I’m not sure when it started, but there is suddenly this technique in suspense thrillers and horror films that is getting old fast. The special effects guys denote any demon, zombie, ghoul or any garden variety evil creature with some extreme body contortion. Remember Linda Blair’s spinning head in The Exorcist? That’s child’s play now. Now entire limbs are bending in reverse, spines are rotating, heads are doing The Exorcist spin with a full twist in the pike position (higher degree of difficulty). Anyway, barring a bend or crack I am not imagining, the shock value has worn off, so somebody is going to have to reach into their bag of tricks and come up with something new.
Cotton Marcus (Peter Fabian) is an evangelical minister and exorcist who has performed dozens of exorcisms. As a final farewell to a disturbing career, he has agreed to let his last exorcism be filmed for a documentary. This project brings him and the film crew to the farm of Louis Sweetzer (Louis Herthum). Sweetzer claims that ever since his wife’s death, his daughter Nell (Ashley Bell) has been a little, well, off. Cotton expects to shake some holy water on the girl, say a few prayers and call it a day. After many questionable encounters in the past he is a bit jaded. What he encounters with Nell is something quite different.

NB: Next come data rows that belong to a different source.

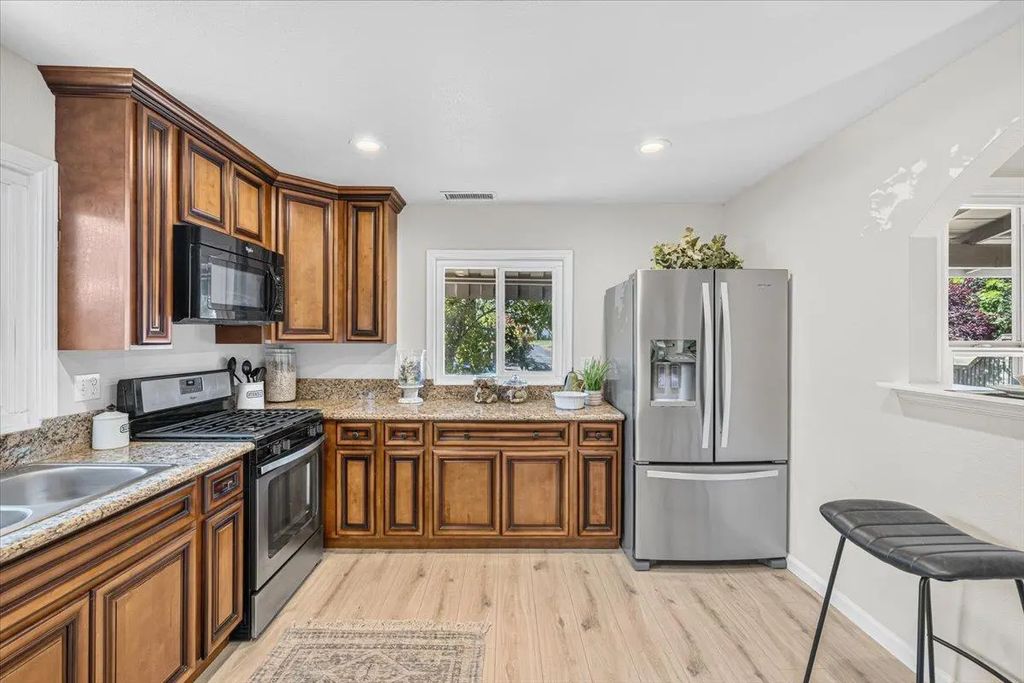 5531 North Avenue, Carmichael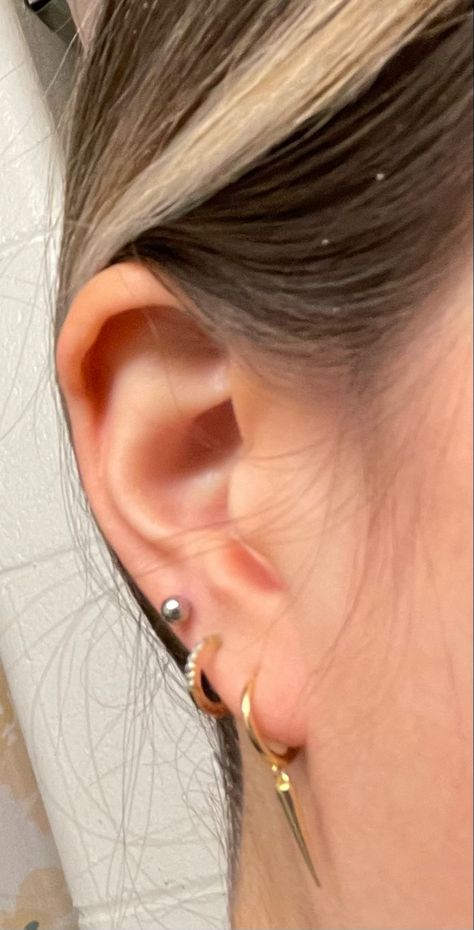 3/7 Lobe Piercings Ideas, Triple Lobe Piercing Ideas, 3 Lobe Piercings Ideas, Lobe Piercing Ideas, Triple Lobe, Triple Lobe Piercing, 3 Lobe Piercings, Piercings Ideas, Lobe Piercings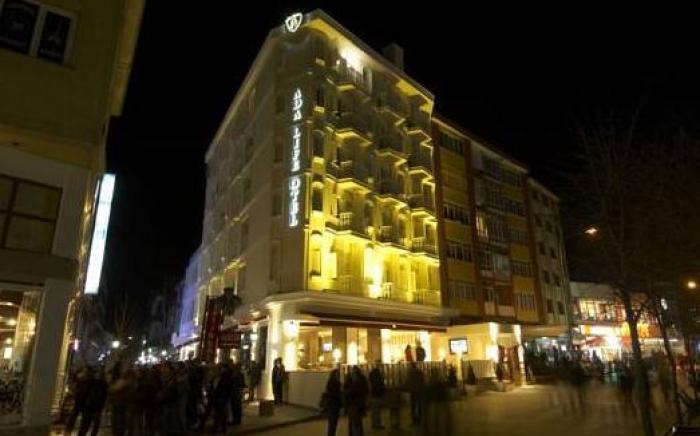 Ada Life Hotel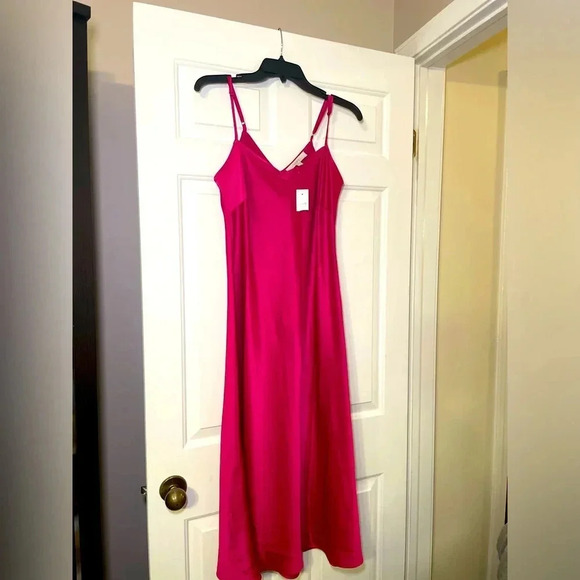 Loft Slip Dress Maxi Size 4 Rose Color Double V Neck Silky Spaghetti Straps NEW - Picture 1 of 6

Exorcism films have a difficult act to follow. The Exorcist is one of the best thrillers ever made, and even with the shoddy technology of the time, it can still send viewers diving under the bed. This film wisely takes a different tack, even going so far as to inject some humor into the writing. This genre isn’t my cup of tea but Peter Fabian’s acting is excellent and he carries the film. Sadly, it’s 10 minutes too long and the ending really deflates. But I never looked at my watch.